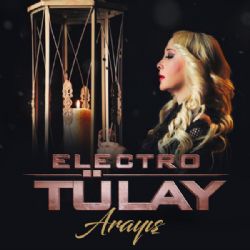 Electro Tülay Arayış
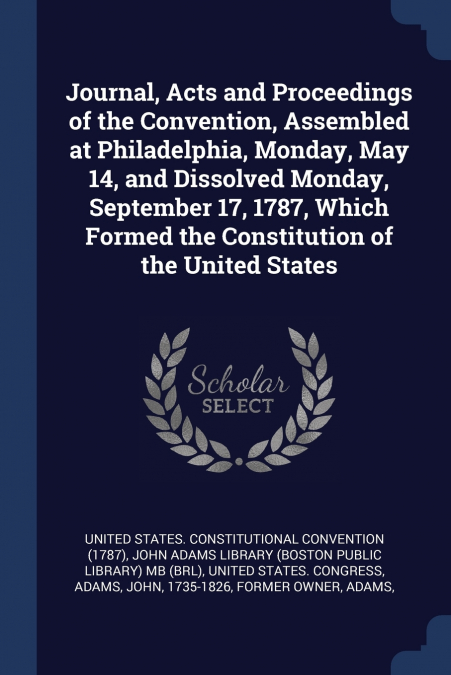 Journal, Acts and Proceedings of the Convention, Assembled at Philadelphia, Monday, May 14, and Dissolved Monday, September 17, 1787, Which Formed the Constitution of the United States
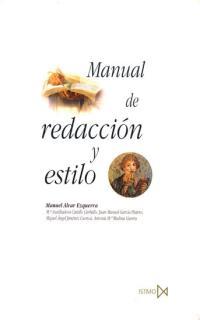 MANUAL DE REDACCION Y ESTILO | 9788470903380 | ALVAR EZQUERRA | Llibres Parcir | Llibreria Parcir | Llibreria online de Manresa | Comprar llibres en català i castellà online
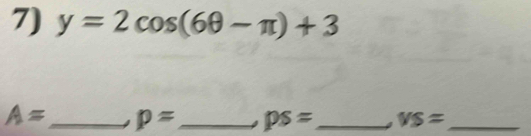 y=2cos (6θ -π )+3
A= _ p= _ ps= _ 4 VS= _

== == ==

# WHAT THIS TASK INVOLVES
Your answer must be an exact copy of the lines from the one with "MANUAL DE REDACCION" through the final line of the data, both included, without any pictures.

# THE ANSWER
 MANUAL DE REDACCION Y ESTILO | 9788470903380 | ALVAR EZQUERRA | Llibres Parcir | Llibreria Parcir | Llibreria online de Manresa | Comprar llibres en català i castellà online
 y=2cos (6θ -π )+3
A= _ p= _ ps= _ 4 VS= _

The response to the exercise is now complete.